Dad eager to have his son back
Rohan Williams can only recall special moments with his 11-year-old son Shemar who, he said, he has not seen since Sunday, February 28.
“He is a guy like this: after eating dinner, at a certain time in the night he would say, ‘Daddy, I am hungry again, can I get some of your food?’ or he would ask me to bring something from work for him and I would bring a hot dog — he likes hot dogs,” Williams told the Jamaica Observer last week.
According to the 40-year-old, he left Shemar and his mother at home in Seaview Gardens, St Andrew, but when he returned from work they were not there.

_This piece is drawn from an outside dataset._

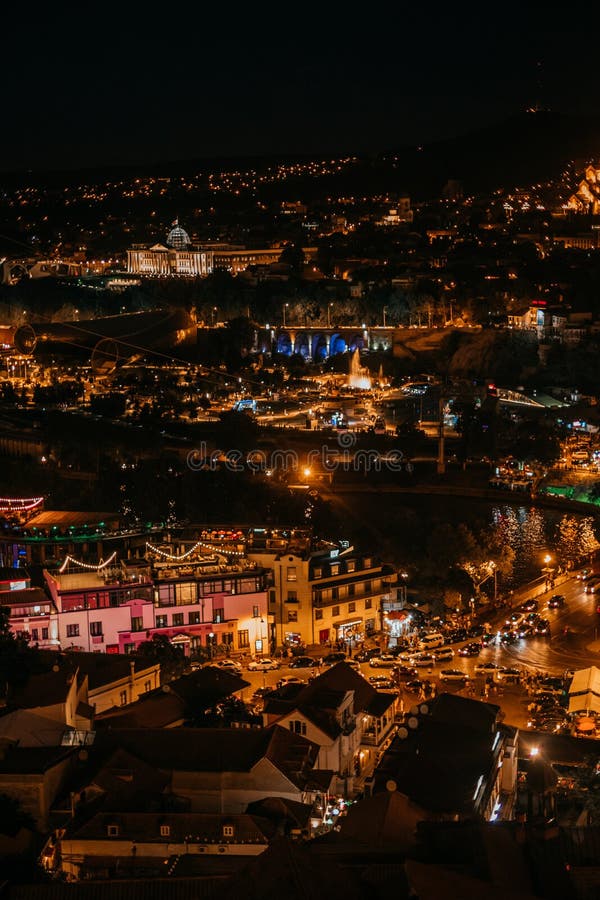 Vue de Tbilisi de nuit image libre de droits Vue de Tbilisi de nuit image libre de droits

“They would go out and walk on Sunday evenings and come back at a certain time,” he said. “So when I was watching the curfew time and I didn’t see them, I got worried. I did not even sleep. For the whole night I was looking and listening to see if I would hear anybody calling to open the grille to come in.”
Williams said after searching in the community he returned home and began pulling out drawers in his room, where he found a note from the mother advising him that she had gone to help a female friend in Old Harbour whose mom had passed away.
He told the Observer that he contacted the friend who told him that the mother and child had indeed visited her, but they had eventually left.
Williams said he contacted family and friends of his son’s mother, but they were also clueless about their whereabouts.
He said he reported the matter to the Seaview Gardens police but was told to take the matter to the Kingston and St Andrew Family Court.
He said when he went to the family court he was told that he needed the child’s birth certificate and Tax Registration Number.
“But I do not have the paper with me. I am not sure if she took it with her,” he said, adding that he has been trying to get both documents since then.
“It has been a very rough time. When I go to my bed early I would wake up at about 2:00 or 3:00 am, and I would still feel around just the same, even though he is not there. The way he is and the way he loved his dad he would sleep and throw his hands on me — that is how we lived,” Williams said.
He alleged that the boy’s mother was not fond of the bond he shared with Shemar.
“She always complained that I love him too much. Since he was a baby he would leave his mother to come to me, and I would always give him what he wanted,” Williams said.
He said he would be elated to find his son, whom he described as a nice and jovial youngster who enjoys playing games on his tablet.
“I would be so happy because he is a part of me. Based on the way in which we bond since he was a baby until now, I can’t afford to miss him for so long. Mi feel it really bad; it hurts me,” he said.